Re: [PATCH v2] vfio iommu type1: Improve vfio_iommu_type1_pin_pages performance

From: xuxiaoyang (C)
Date: Tue Dec 08 2020 - 08:57:34 EST




On 2020/11/21 15:58, xuxiaoyang (C) wrote:
> vfio_pin_pages() accepts an array of unrelated iova pfns and processes
> each to return the physical pfn.
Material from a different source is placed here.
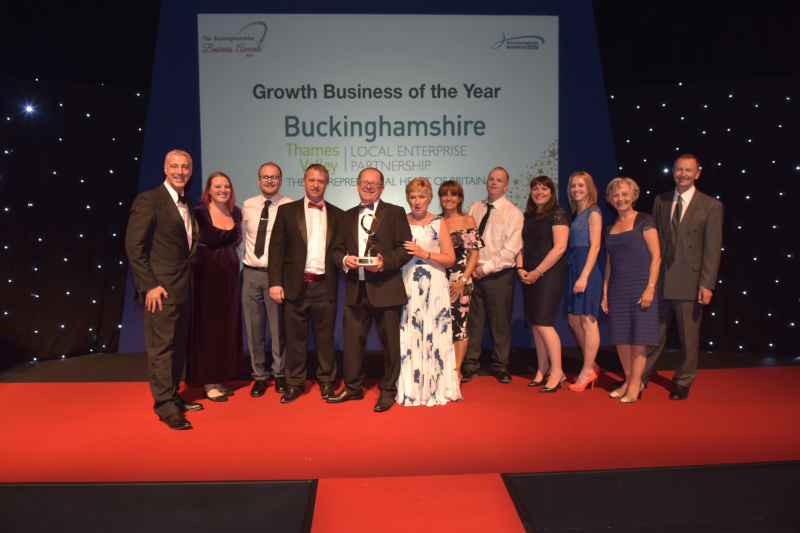 buckinghamshire business awards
When dealing with large arrays of
> contiguous iovas, vfio_iommu_type1_pin_pages is very inefficient because
> it is processed page by page.In this case, we can divide the iova pfn
> array into multiple continuous ranges and optimize them. For example,
> when the iova pfn array is {1,5,6,7,9}, it will be divided into three
> groups {1}, {5,6,7}, {9} for processing. When processing {5,6,7}, the
> number of calls to pin_user_pages_remote is reduced from 3 times to once.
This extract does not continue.